- SUPPLIED DATA -
□ □ □ □

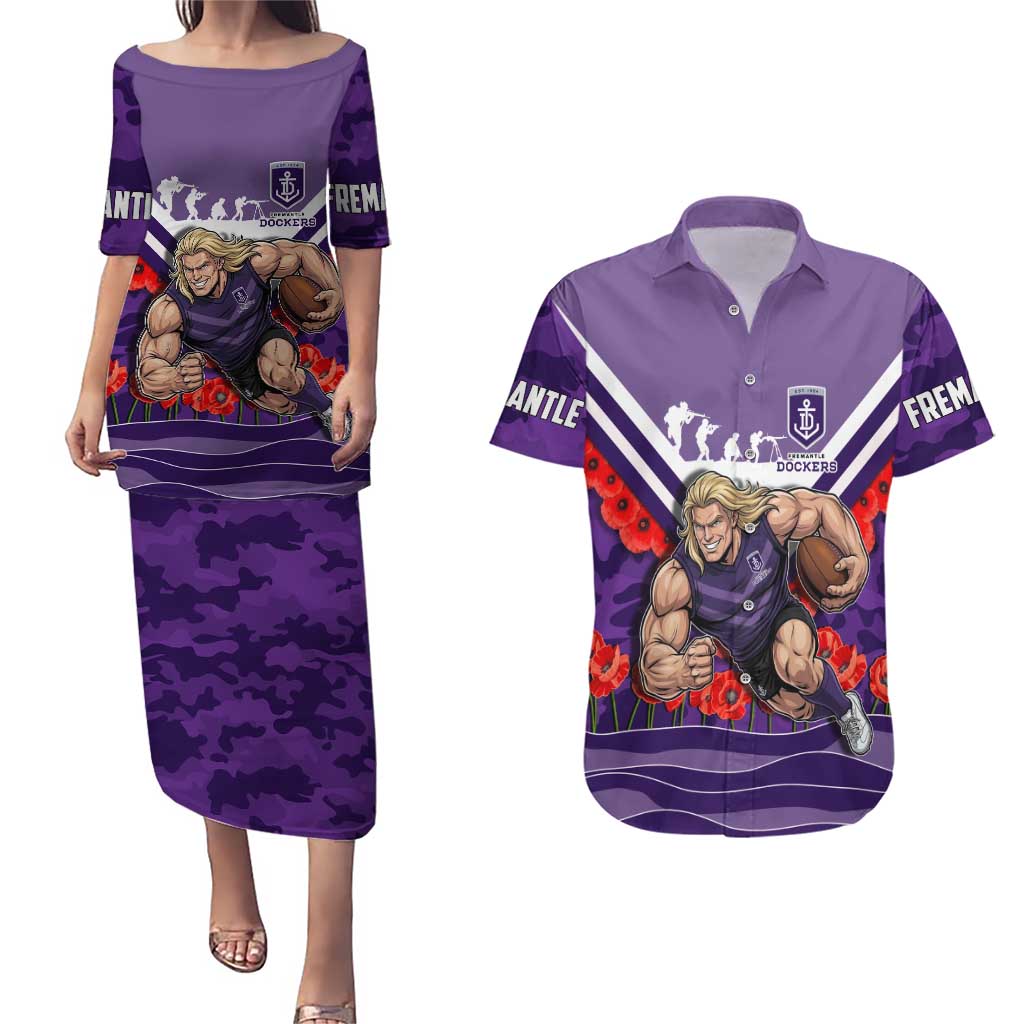 Personalised Fremantle Dockers ANZAC Couples Matching Puletasi and Hawaiian Shirt Military Remembrance Australian Football Mascot Camouflage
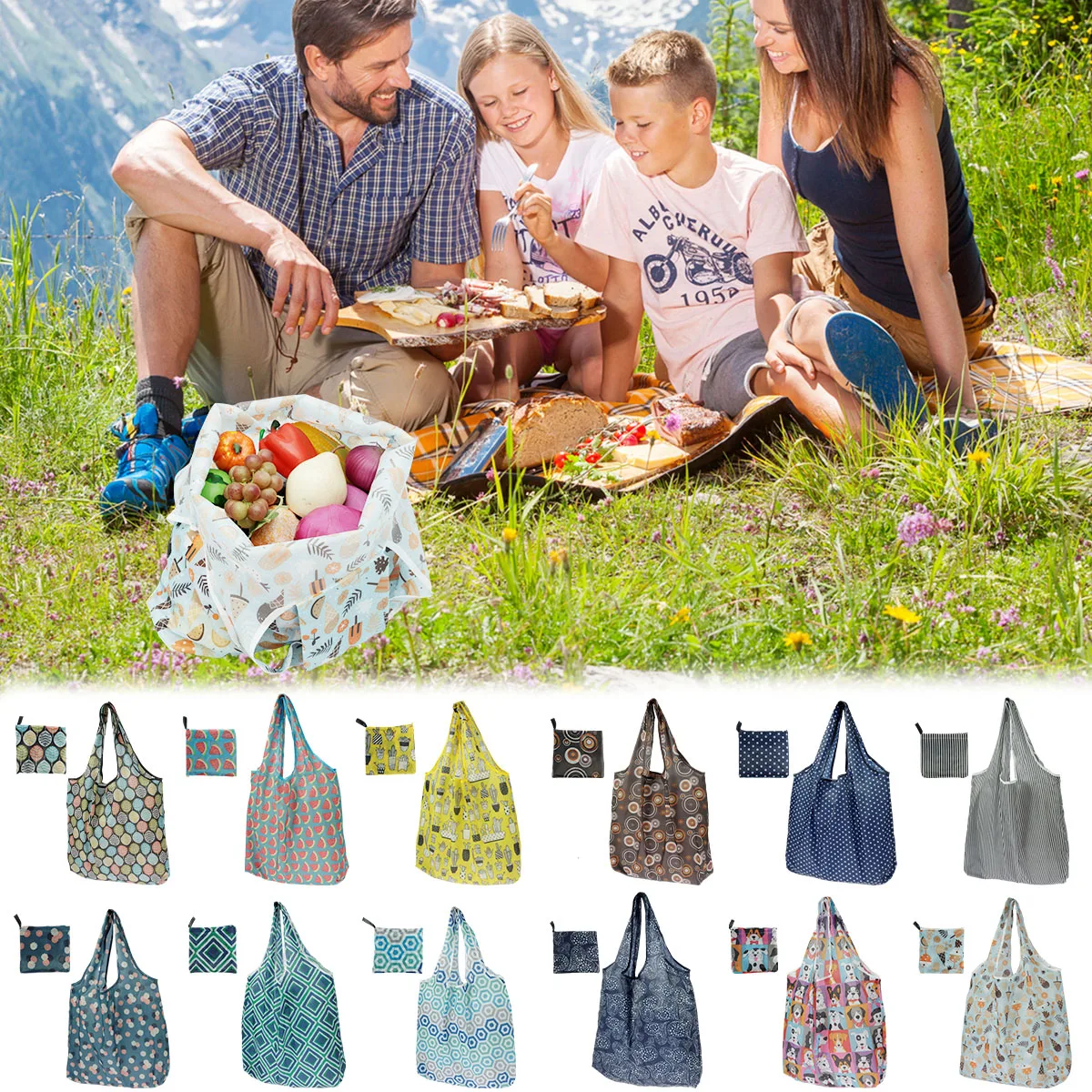 12Pcs Reusable Shopping Tote Bags Large Capacity Groceries Bags Foldable Lightweight Grocery Shopping Bags Machine Washable
12Pcs Reusable Shopping Tote Bags Large Capacity Groceries Bags Foldable Lightweight Grocery Shopping Bags Machine Washable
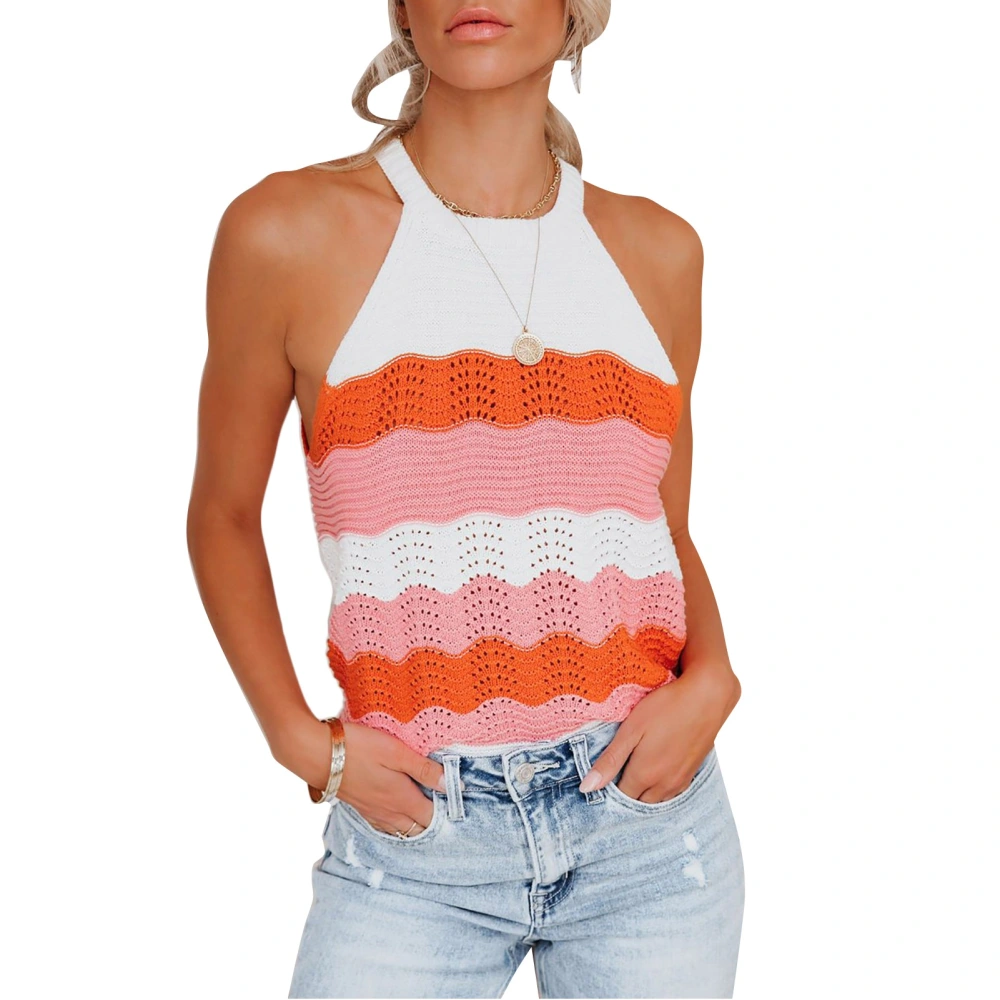 Women Tank Tops Summer Fashionable Casual Loose Wave Stripe Stitching Off Shoulder Women Knit Tank Tops Orange M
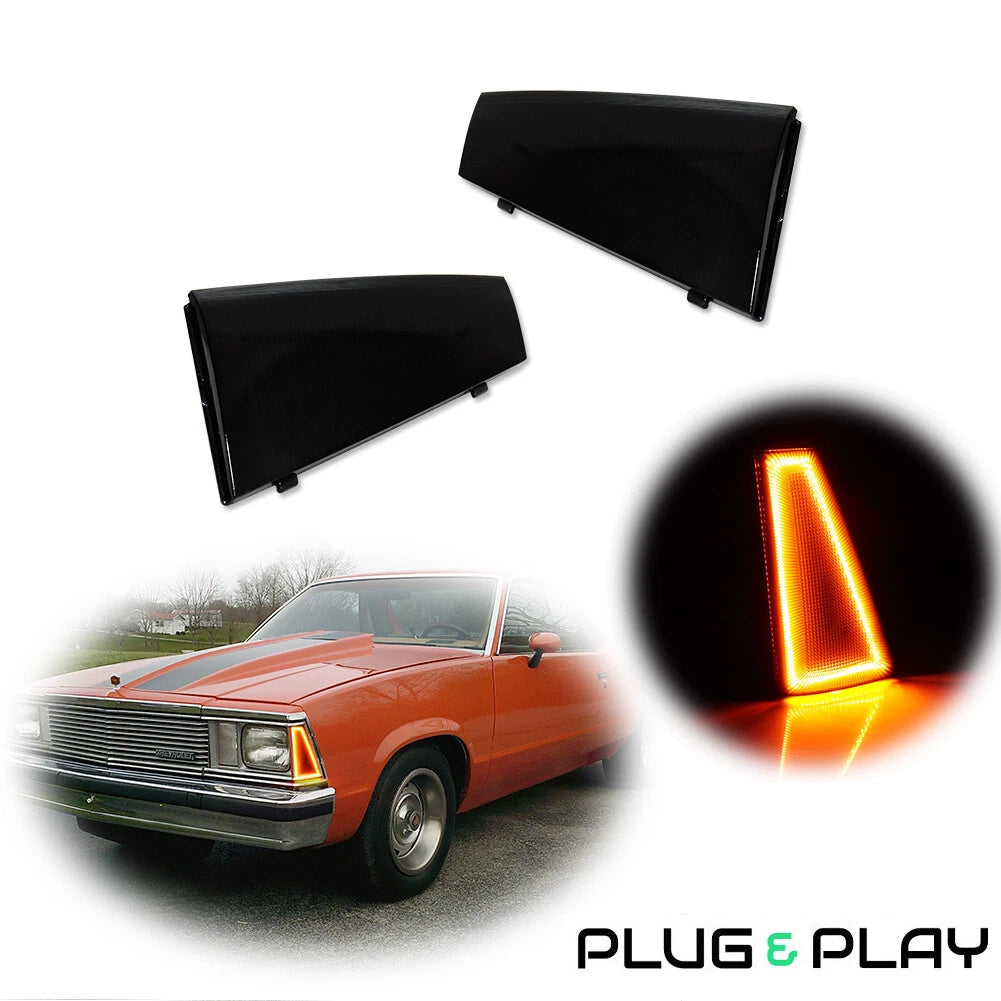 2X Front Amber LED Side Marker Lights for Chevrolet Malibu El Camino (1980–1981)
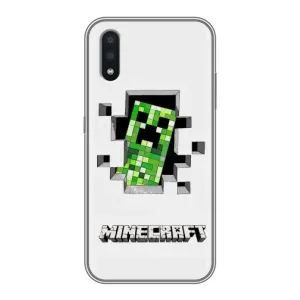 Чохол Майнкрафт на Samsung Galaxy A01 (AlphaPrint) Minecraft (кріпер Майнкрафт)
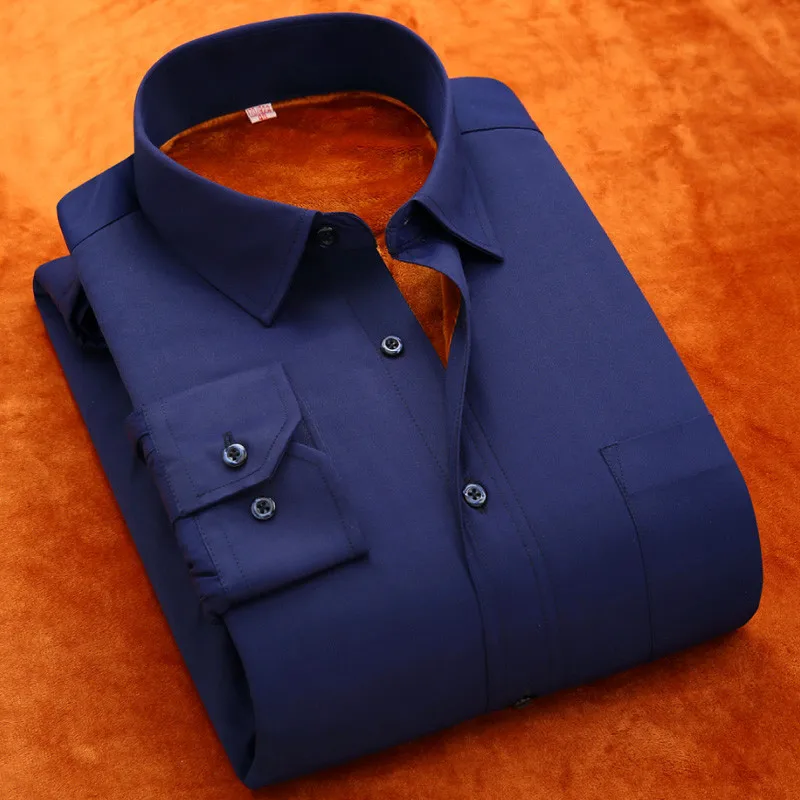 FillenGudd импортная Осенняя Высококачественная Мужская деловая рубашка с длинным рукавом Черная Мужская бархатная теплая рубашка класса люкс - Цвет: CS9002
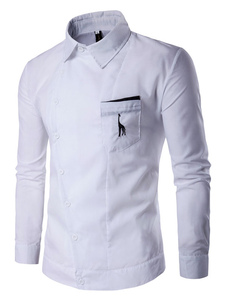 Chemises blanches à manches longues Logo Animal hommes Fit chemises sport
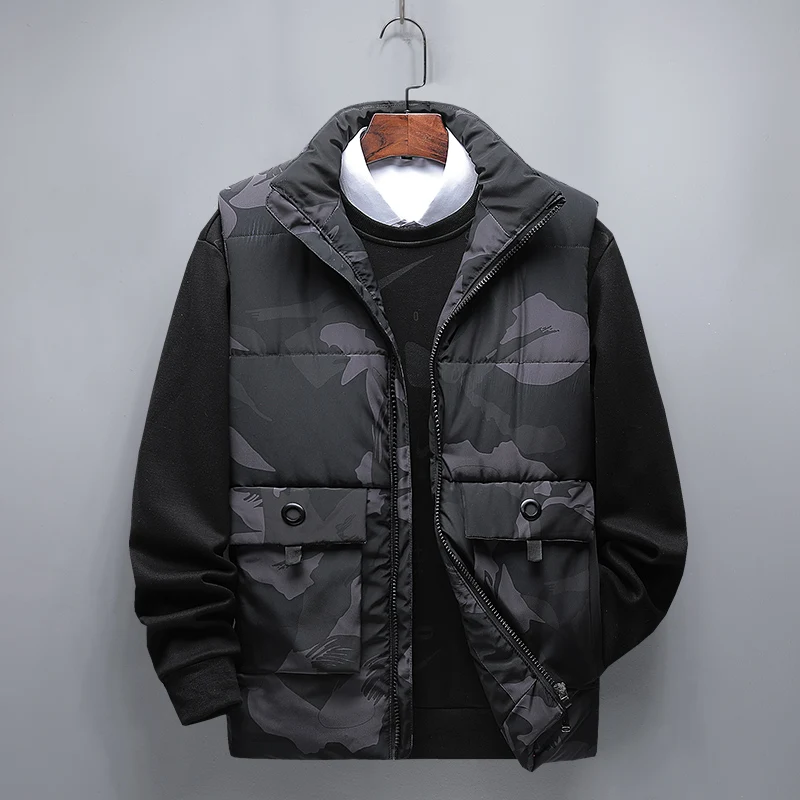 

Camouflage Cotton Vest Men'S Outside Wear A Waistcoat Trend Autumn And Winter Down Cotton Jacket Large Size Thickened Warm Coat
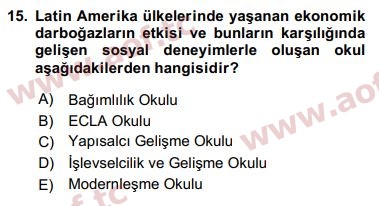 2018 Ekonominin Güncel Sorunları Arasınav 15. Çıkmış Sınav Sorusu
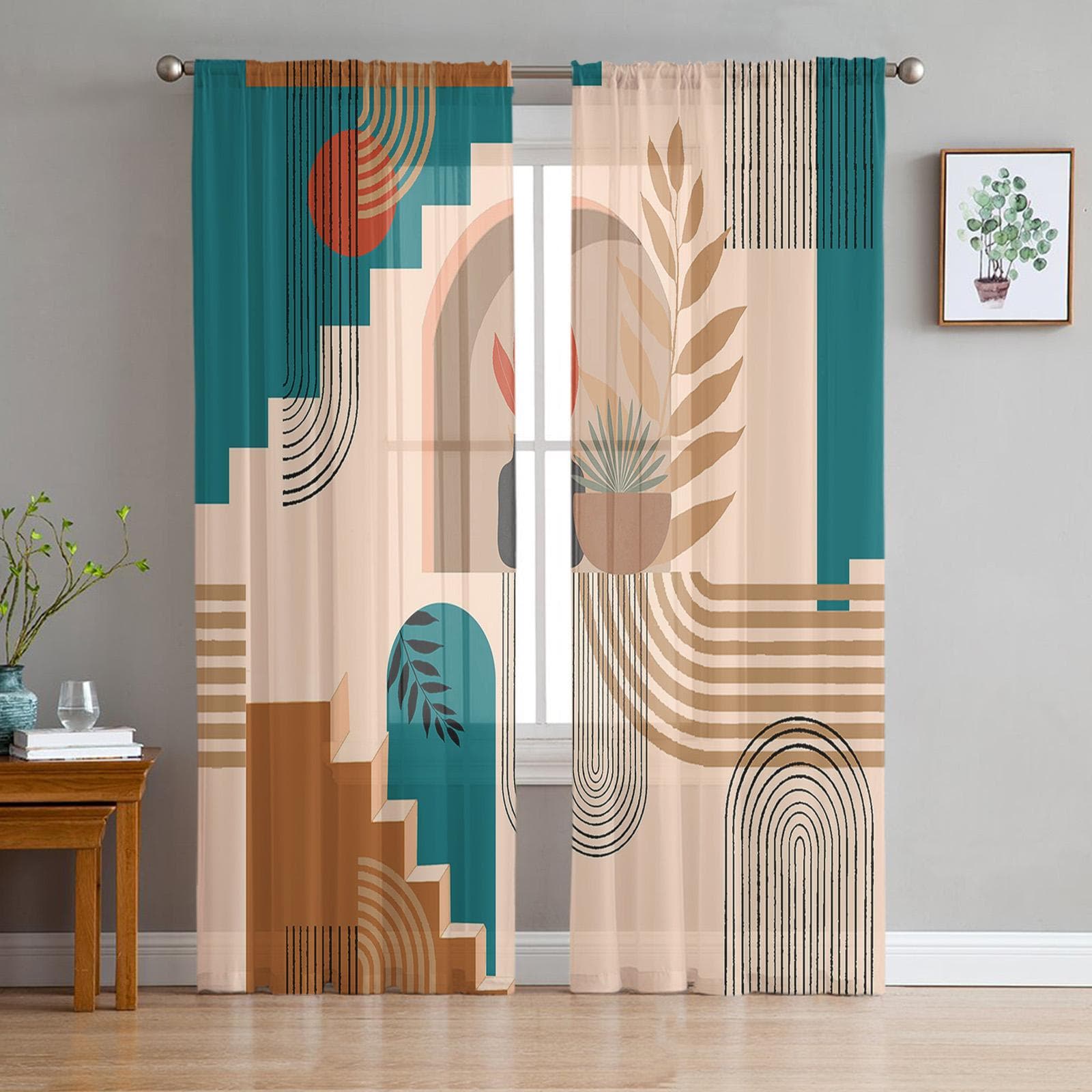 Flowers Foliage Steps Medieval Voile Sheer Curtains Living Room Window Chiffon Tulle Curtain Kitchen Bedroom Drapes Home Decor 135W x 114H(cm)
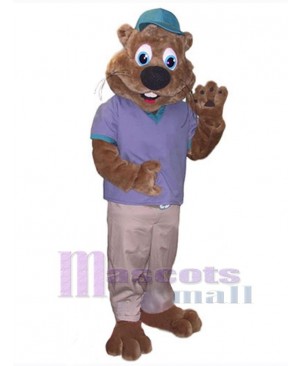 Beaver with Blue Cap Mascot Costume Animal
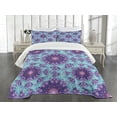 thumbnail image 3 of Ambesonne Purple Mandala Quilted Bedspread Set 3 Pcs, Mosaic Fractal, King Size, Sky Blue Mauve, 3 of 5
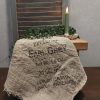 Shabby doek van naturel linnen met een tekst over thee.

□ □ □ □

- AIM OF THE EXERCISE -
From the very first line of the listing above through the line that holds "Women Tank Tops", write out each line exactly as it stands, leaving pictures out.

- OUTPUT OF THE TASK -
 Personalised Fremantle Dockers ANZAC Couples Matching Puletasi and Hawaiian Shirt Military Remembrance Australian Football Mascot Camouflage
 12Pcs Reusable Shopping Tote Bags Large Capacity Groceries Bags Foldable Lightweight Grocery Shopping Bags Machine Washable
12Pcs Reusable Shopping Tote Bags Large Capacity Groceries Bags Foldable Lightweight Grocery Shopping Bags Machine Washable
 Women Tank Tops Summer Fashionable Casual Loose Wave Stripe Stitching Off Shoulder Women Knit Tank Tops Orange M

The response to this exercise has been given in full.